In the Christmas story, as recorded in the book of Matthew, wise men presented gifts to baby Jesus. Two of these gifts were frankincense and myrrh. These are costly perfume oils derived from certain trees found in parts of the Middle East.

According to Dr. Kim Coder, urban forestry specialist with the UGA Extension Service, there are more than 36 trees mentioned throughout the Old and New Testaments. Some of these trees have relatives living here in Florida.

In an article on this topic, Coder said, “The trees most people think of from the Bible are the Cedars of Lebanon.” Lebanon cedars are true cedars like the Deodar cedar found planted in some North Florida communities.

He said, “Today a relict (species of an earlier time) grove of 400 trees still survives on Mount Lebanon that is more than 2,000 years old.”

The sycamore common to North Florida does not grow in Palestine.

“The sycamore of the Bible is the sycamore fig,” Coder explained.

The fruit of the sycamore fig is smaller and less sweet as compared to the table fig and was considered food for the poor. Another name used by some people in the United States for sycamore is plane tree, but Coder said that the plane trees referred to in the Bible were the flowering viburnums and oriental plane trees in the Middle East.
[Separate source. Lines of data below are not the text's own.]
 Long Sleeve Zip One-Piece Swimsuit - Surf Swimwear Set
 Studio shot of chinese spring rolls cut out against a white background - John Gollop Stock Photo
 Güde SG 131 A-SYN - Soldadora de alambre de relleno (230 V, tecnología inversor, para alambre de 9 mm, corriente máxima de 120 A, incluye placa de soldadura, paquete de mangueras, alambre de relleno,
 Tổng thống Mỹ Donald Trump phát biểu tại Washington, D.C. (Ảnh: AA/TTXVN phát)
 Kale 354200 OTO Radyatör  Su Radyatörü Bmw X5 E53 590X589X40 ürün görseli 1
“Also mentioned is the sycamine, which is the black mulberry,” Coder said.

The poplar trees of the Bible are the same white poplar that you can find growing in some areas of North Florida, but it is more commonly found north of Florida.

“But poplar also means snowbell, which is related to our native snowbells,” Coder said. “The name poplar was used for two distinctly different trees.”
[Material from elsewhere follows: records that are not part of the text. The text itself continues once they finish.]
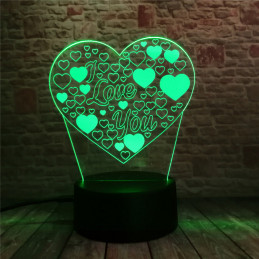 LED Lampa Ilúzia 3D Srdce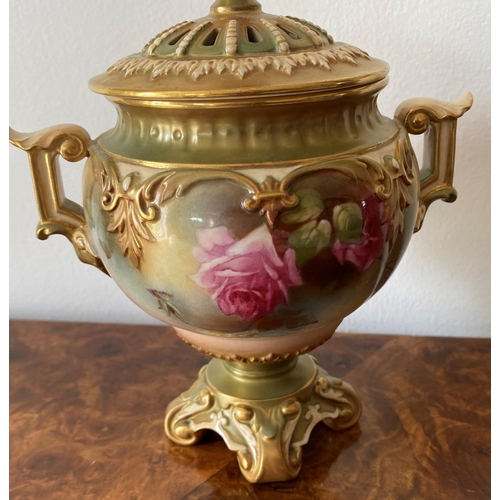 166 - Royal worcester pot pourri vase and cover decorated with roses signed m lander fully factory marked ... 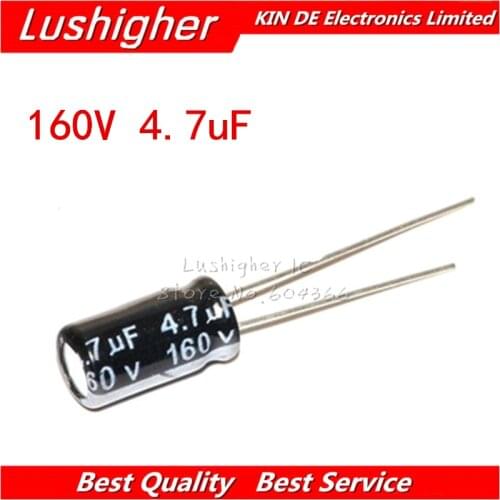 20PCS 160V4.7UF 6*11mm 4.7UF 160V 6x11 mm Aluminum Electrolytic Capacitor DIP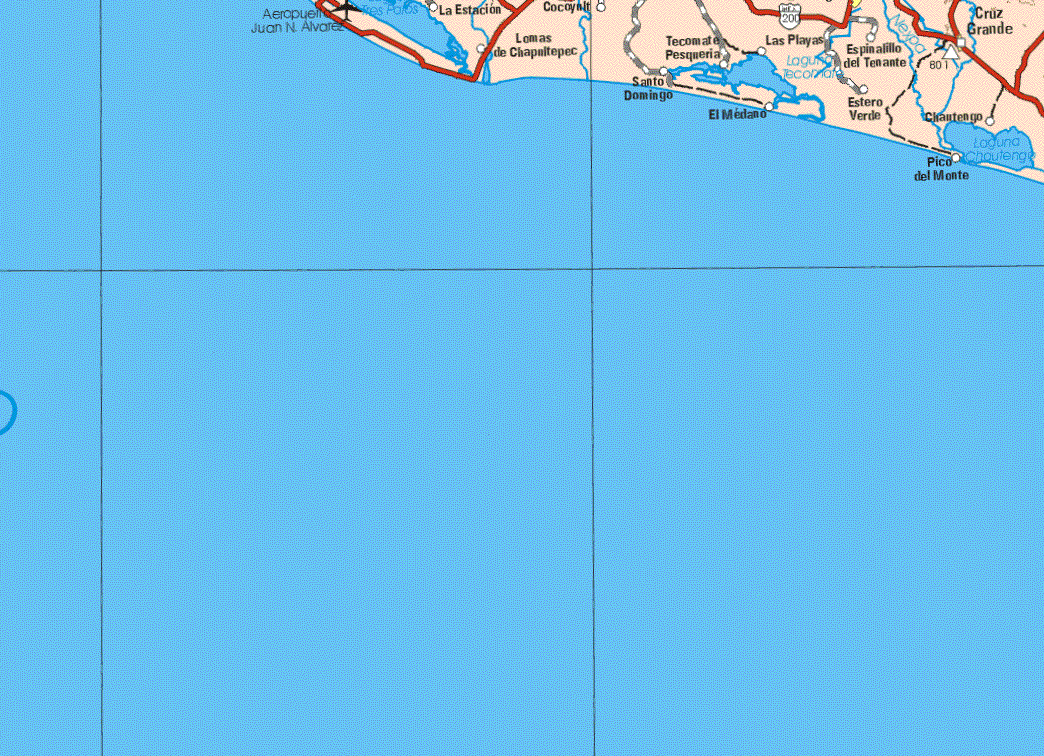 The map also shows the towns (pueblos) of La Estacion, Lomas de Chapultepec, Santo Domingo, Tecomate Pesquería, Las Playas, Espinalillo del Tenante, Cruz Grande, Cilantengo, Pico del Monte.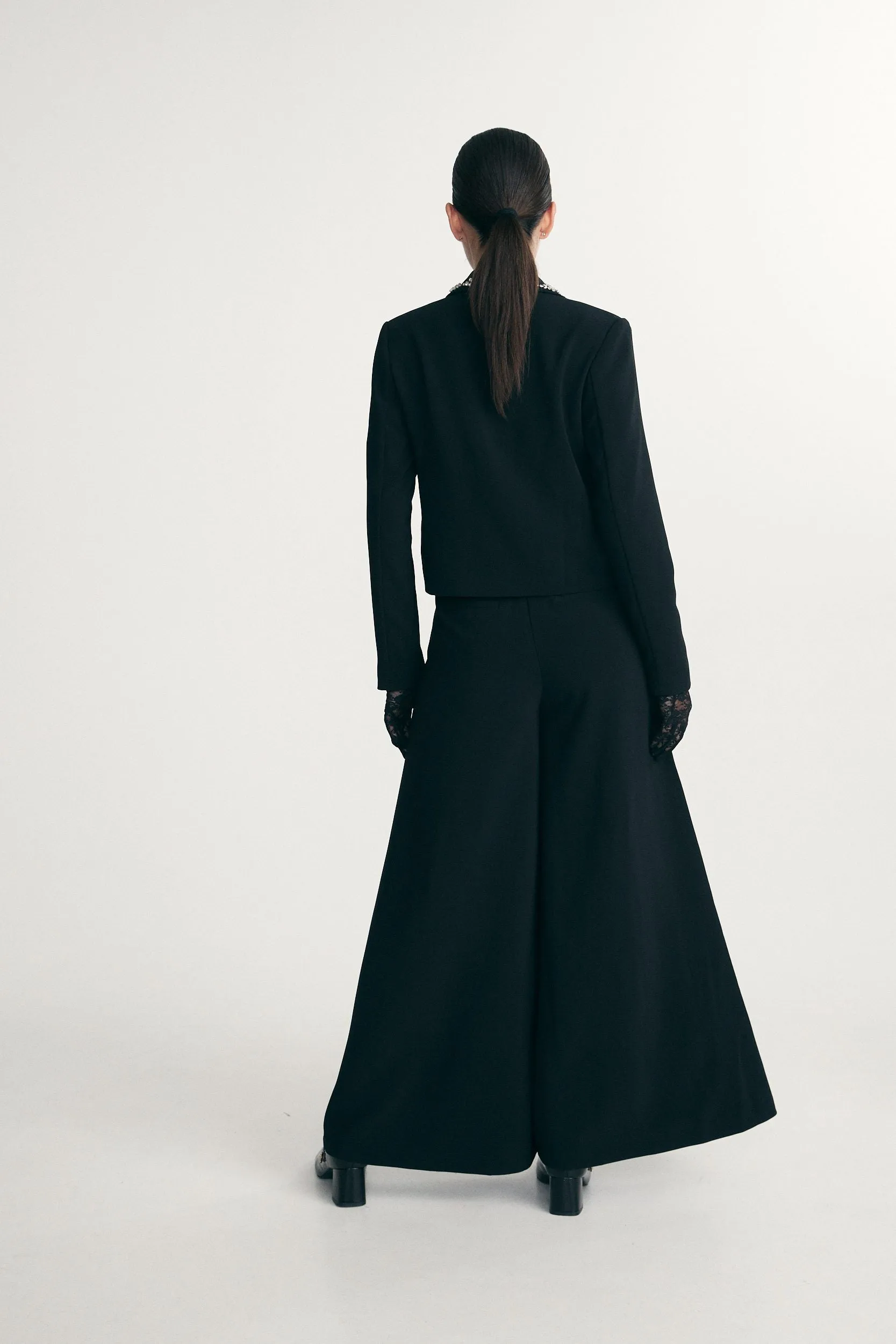 Blazer with crystal-embellished collar sold by Tristan Style product image thumbnail 2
One tree from the Bible that is common in North Florida is balm.

“The balm, or balm of Gilead, was the sweetgum tree,” Coder said.

The sweetgum of the Middle East is almost identical to our sweetgum tree that grows all over North Florida. Coder said that there is a tree named “Balm of Gilead” that grows in the northern United States, but it is native only to North America.

“Our sweetgum is a botanical link to the sweetgum of the Bible,” he said.

Ebony wood, which also is mentioned in the Bible, was imported for carvings and decorations.

“Ebony is related to our common persimmon,” Coder said.

Florida’s forests are filled with close relatives of a number of Biblical trees.

“There are many links to our cultural heritage stemming from the Bible,” Coder said. “Touch a sweetgum leaf and you hold a piece of Christian and Jewish history.”